**Your assignment:** Please report each line of the data below that contains "Whey".

**Task data:**
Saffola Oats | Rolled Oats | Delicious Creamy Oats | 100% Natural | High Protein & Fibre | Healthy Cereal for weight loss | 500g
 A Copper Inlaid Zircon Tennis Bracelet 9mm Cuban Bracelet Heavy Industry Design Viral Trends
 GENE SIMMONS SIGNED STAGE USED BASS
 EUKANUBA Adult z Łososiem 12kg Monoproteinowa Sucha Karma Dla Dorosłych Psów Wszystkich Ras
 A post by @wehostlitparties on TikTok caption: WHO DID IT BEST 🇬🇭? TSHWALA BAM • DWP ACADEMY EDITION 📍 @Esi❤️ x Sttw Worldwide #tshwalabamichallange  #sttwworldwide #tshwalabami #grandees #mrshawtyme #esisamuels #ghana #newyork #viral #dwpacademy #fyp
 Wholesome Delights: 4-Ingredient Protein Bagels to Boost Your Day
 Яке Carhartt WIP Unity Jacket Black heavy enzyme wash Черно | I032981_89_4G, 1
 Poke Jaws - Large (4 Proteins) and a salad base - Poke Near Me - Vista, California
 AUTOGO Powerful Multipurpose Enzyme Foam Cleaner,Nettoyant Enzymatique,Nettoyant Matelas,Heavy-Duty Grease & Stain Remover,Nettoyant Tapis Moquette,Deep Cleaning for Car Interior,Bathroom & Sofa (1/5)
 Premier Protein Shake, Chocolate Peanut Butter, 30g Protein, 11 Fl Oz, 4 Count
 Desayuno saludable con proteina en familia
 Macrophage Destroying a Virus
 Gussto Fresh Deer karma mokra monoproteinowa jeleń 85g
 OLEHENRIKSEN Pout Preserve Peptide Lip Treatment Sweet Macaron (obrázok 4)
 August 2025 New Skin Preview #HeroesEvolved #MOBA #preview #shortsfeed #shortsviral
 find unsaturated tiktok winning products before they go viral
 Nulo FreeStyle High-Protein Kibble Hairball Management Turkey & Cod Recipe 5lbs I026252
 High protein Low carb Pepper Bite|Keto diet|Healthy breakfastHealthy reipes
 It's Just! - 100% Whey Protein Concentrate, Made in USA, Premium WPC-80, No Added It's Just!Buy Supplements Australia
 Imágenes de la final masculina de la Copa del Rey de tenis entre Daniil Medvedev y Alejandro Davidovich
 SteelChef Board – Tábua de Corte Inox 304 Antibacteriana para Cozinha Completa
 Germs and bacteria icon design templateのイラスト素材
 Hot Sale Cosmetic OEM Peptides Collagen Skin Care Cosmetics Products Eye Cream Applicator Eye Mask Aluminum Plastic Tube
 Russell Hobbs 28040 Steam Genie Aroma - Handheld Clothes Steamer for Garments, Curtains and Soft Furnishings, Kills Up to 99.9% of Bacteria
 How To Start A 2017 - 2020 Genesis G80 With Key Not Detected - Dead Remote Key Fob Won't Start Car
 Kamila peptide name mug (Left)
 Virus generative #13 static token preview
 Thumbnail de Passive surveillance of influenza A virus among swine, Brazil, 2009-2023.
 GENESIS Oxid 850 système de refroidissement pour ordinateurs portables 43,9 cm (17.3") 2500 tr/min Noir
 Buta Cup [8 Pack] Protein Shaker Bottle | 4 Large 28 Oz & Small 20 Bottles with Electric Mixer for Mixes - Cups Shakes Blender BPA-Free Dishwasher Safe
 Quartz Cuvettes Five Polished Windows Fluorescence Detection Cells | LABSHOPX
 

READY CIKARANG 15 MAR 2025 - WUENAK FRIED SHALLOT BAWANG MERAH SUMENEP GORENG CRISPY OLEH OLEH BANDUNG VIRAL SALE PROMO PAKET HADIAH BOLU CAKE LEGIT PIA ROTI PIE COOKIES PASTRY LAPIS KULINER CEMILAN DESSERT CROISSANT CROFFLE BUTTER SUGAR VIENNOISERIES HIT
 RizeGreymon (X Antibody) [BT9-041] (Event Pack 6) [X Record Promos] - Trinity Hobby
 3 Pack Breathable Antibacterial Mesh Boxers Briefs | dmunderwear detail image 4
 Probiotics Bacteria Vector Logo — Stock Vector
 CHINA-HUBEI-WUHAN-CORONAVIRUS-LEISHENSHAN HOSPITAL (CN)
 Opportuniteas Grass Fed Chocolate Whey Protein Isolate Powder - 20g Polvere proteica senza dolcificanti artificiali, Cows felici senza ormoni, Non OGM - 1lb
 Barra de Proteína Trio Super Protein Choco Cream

**Response box:**
 It's Just! - 100% Whey Protein Concentrate, Made in USA, Premium WPC-80, No Added It's Just!Buy Supplements Australia
 Opportuniteas Grass Fed Chocolate Whey Protein Isolate Powder - 20g Polvere proteica senza dolcificanti artificiali, Cows felici senza ormoni, Non OGM - 1lb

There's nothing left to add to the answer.